ただ、それぞれが感じる苦労の種類は、それぞれで違うというのが、私が経験者として断言できることです。

後継経営者の組織施策がうまくいかない原因

私は、参加者の皆さんの発表を受けて、20分くらいの総括、かつ、ミニ講義をしました。
以下、講義の抜粋です。

会社の経営に必要なことは、次の3つ。
⑴目的・目標を掲げること
⑵事業の戦略を立てること
⑶実行する組織をつくること

これは創業者も後継者も同じですが、後継者の場合、
⑴は先代以前のものを変えないまま、
⑵も軌道に乗った事業を引き継いでいるため、改めて立案する必要もなく、
⑶の組織の粗探しをして、そこをテコ入れしている
ケースがほとんどです。

これまで300人以上の後継経営者と直接経営について話してきました。
クレドをつくって唱和している、幹部研修プログラムを導入した、新卒採用を始めた、などなど。
施策そのものを否定しているわけではありませんが、その8割方がうまくいっていない実態を見てきました。
その原因はどこにあるのか?

端的に言えば、目に見えている⑶ばかりに手をつけ、見えにくい⑵を疎かにし、信念・信条がなければカタチにできない⑴を放置しているから。
真っ先に取り組むべきは、後継社長が自身の信条を明確にして、⑴の目的・目標を自ら掲げることです。

⑴を明確にしたうえで、それに沿った⑵の戦略を立案し、最後に、それらの事業を実行するために必要な⑶の組織をつくり上げる、という順番です。
上から順番に下に降りてくる、というイメージです。

8割方がうまくいっていないのは、後継者の信条がないのか、言葉になっていないだけなのか、また、当然、自分で商売(事業)をつくってこなかったので、組織から着手してしまう。
このような悪循環に陥ってしまうのです。

⑴の目的や⑵の戦略は創業者“仕様”になっているのに、⑶の組織や社員に求めるものだけ後継者“仕様”になっているため、ミスマッチを起こしてしまうのではないか、というのが私の結論です。
ほとんどの創業者は、⑴から順番に考えていきます。
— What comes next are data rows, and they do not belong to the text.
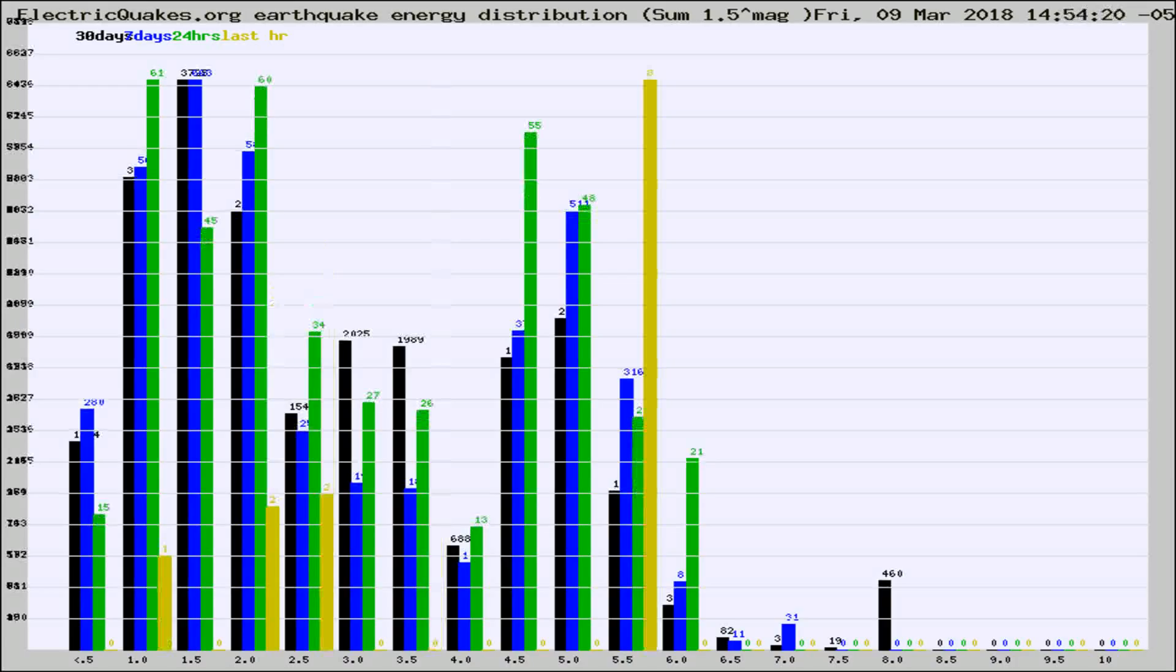Different colored columns are for 30 days, 7 days, 24 hours, and the last hour.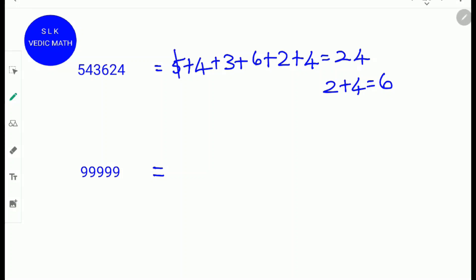Using the quick method: 5 and 4 make 9, and 3 and 6 make 9, so we cross those out. The leftover digits are 2 and 4, and 2 plus 4 is 6. So the digital root of 543624 is 6.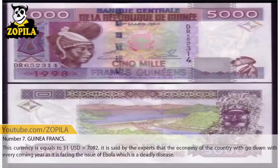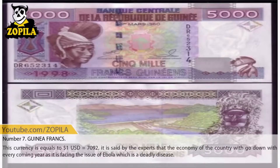Number 7: Guinea Franc. This currency equals $1 USD equals 7,092. It is said by experts that the economy of the country would go down with every coming year as it is facing the issue of Ebola, which is a deadly disease.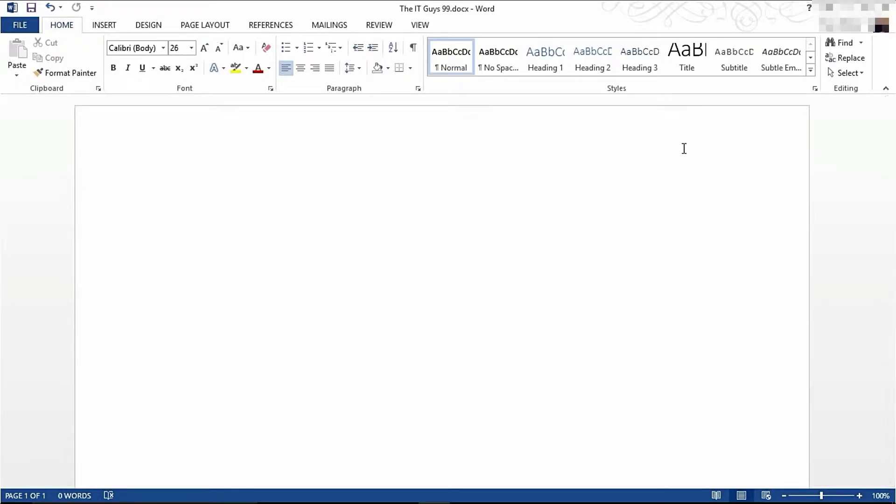Hello, it's the IT guys here. Welcome back to Microsoft Word 2013. Today we're going to be having a look at graphs and charts.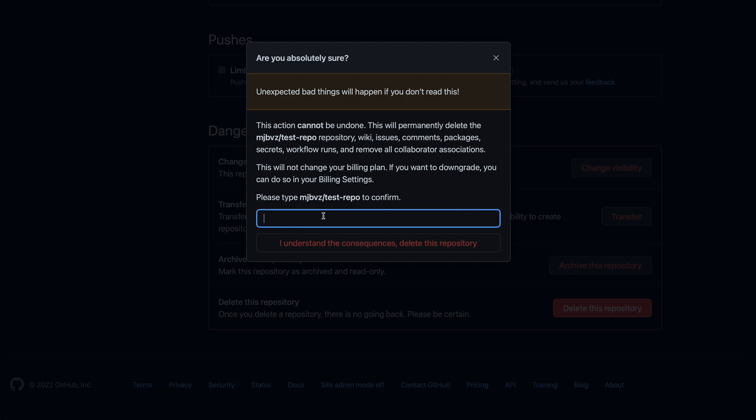So I'm going to type in the full repository name, which is just my username and then test-repo. Make sure that I really want to delete things, and then I'm going to click this button that says I understand the consequences, delete this repository.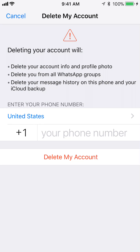Now, if you read all of that and you know what will happen, go ahead and put in your number. But make sure you pay attention to what country you're in. Since I'm in the United States, it should pull up United States.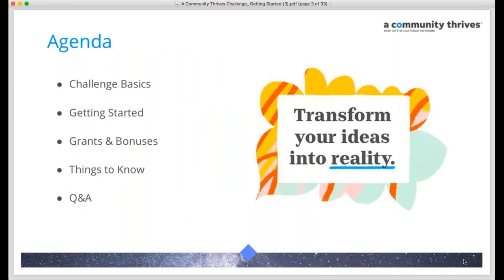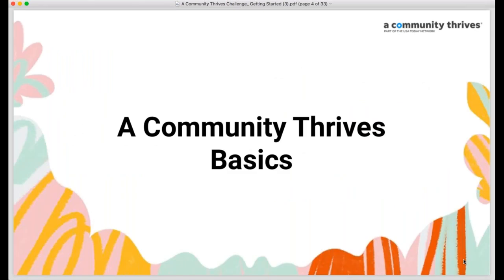Just a brief agenda for today's training. We're going to start with some of the basics of the challenge, understanding what it's all about, and then jump into how you get started on the platform — from submitting your application to building your page to accessing your donations report. We'll close out with information about the grants and bonuses available, cover some key items you need to know, and end with a Q&A session. If you have questions throughout, please type them into the GoToWebinar control panel. I'll now turn it over to Sue from the Gannett Foundation for an overview.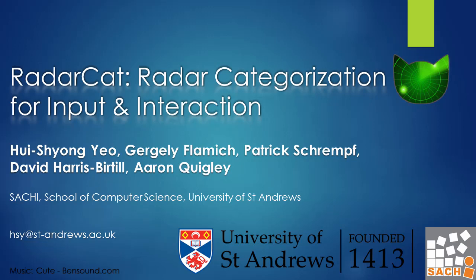We present RadarCat, a radar-based system that can classify proximate material and objects on the fly.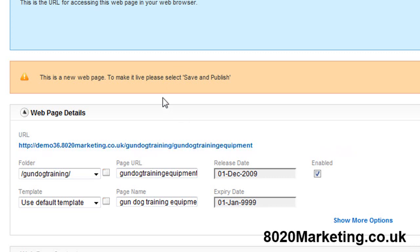In the next video I'm going to show you how to build out a page and how to set it up to be search engine friendly. Speak to you soon. Bye.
⑴や⑵は変えられないもの、タブーだと思って手をつけないのが、後継経営者が陥りがちな罠になります。

以上、こんなことを伝えました。

先代以前のものをそっくりそのまま守り続けて会社を潰すよりも、後継者の責任において変えるものを積極的に変えて、引き継いだ会社を成長させるべき!
というのが私の持論です。

もし今回お話した内容に少しでも該当する後継経営者がいらっしゃれば、まずは自分の信条・信念を言葉にすることから始めてみましょう!